Practical Applications
Immediate Applications
Below are concrete ways the paper’s semantics-first, hierarchical video prediction framework (Re2Pix) can be applied today, leveraging its open-source implementation, training efficiency, and demonstrated gains in temporal semantic consistency and perceptual quality.
- Semantics-first video prediction for autonomous driving and ADAS
- Sectors: Automotive, Robotics
- What: Integrate Re2Pix as a predictive perception module to anticipate near-future frames around the ego-vehicle, improving tracking stability, occlusion handling, and short-horizon planning (e.g., 0.5–2 s).

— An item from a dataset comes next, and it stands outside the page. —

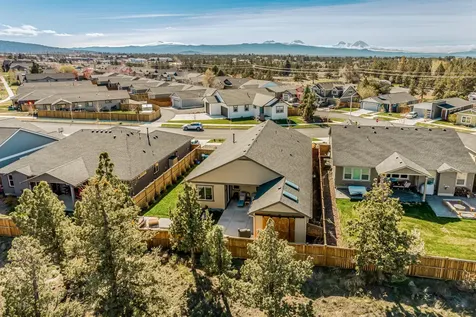 63832 Wellington Street Bend OR 97701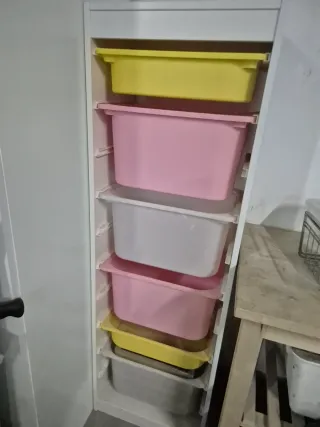 Estantería Trofast con 6 cubos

- Tools/workflows/products:
- “Predictive Perception SDK” that feeds predicted VAE latents/frames to planners;
- A plug-in for existing world-model stacks (e.g., replacing baseline latent-prediction modules with Stage-1+Stage-2).
- Assumptions/dependencies: Availability of domain video data for fine-tuning Stage 1; GPU for real-time inference; safety validation for deployment; alignment with vehicle sensor timing.

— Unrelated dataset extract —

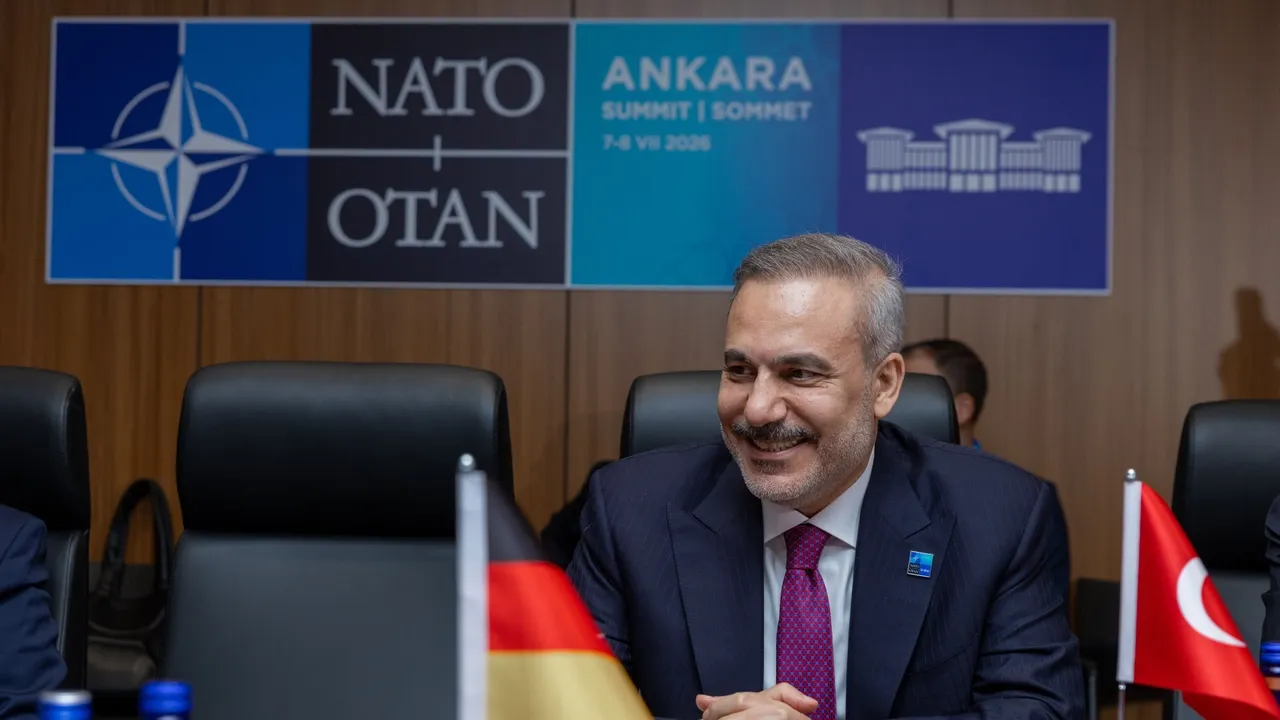 Ministro Fidan: Cimeira da NATO em Ancara concluída com sucesso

- Simulation-ready future frame synthesis for training and testing autonomy stacks
- Sectors: Automotive, Robotics, Simulation Software
- What: Use the predicted semantics to condition photorealistic future frames for scenario replay and rare case amplification in simulators.
- Tools/workflows/products:
- Scenario augmentation tool that perturbs predicted semantic maps and re-renders variants;
- Data curation pipeline that mines sequences with high prediction uncertainty for human review.

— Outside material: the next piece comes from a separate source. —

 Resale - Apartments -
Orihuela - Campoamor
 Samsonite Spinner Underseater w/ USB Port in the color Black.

- Assumptions/dependencies: Simulator integration; careful evaluation of domain shift; compute for batch generation.
- Predictive video analytics and anomaly anticipation in CCTV/traffic cameras
- Sectors: Public Safety, Smart Cities, Transportation
- What: Reduce false alarms by comparing observed vs. predicted future frames to flag deviations (e.g., stalled vehicles, pedestrian intrusion).
- Tools/workflows/products:
- “Future-Frame Divergence” monitor that scores deviations per region;
- Dashboard for operators with predicted overlays.
- Assumptions/dependencies: Legal/privacy compliance; calibration to camera viewpoints; edge-accelerated inference or server offloading.
- Warehouse and factory mobile robotics: short-horizon predictive perception
- Sectors: Industrial Robotics, Logistics
- What: Anticipate human/robot trajectories and occlusions for safer navigation using semantics-first forecasts that reduce flicker/identity drift.
- Tools/workflows/products:
- ROS-compatible module providing predicted feature maps and synthesized views;
- Integration with MPC controllers that ingest predictions at fixed latency.
- Assumptions/dependencies: Domain adaptation of Stage 1 features; verified latency budgets; GPU/accelerator on-board or low-latency edge link.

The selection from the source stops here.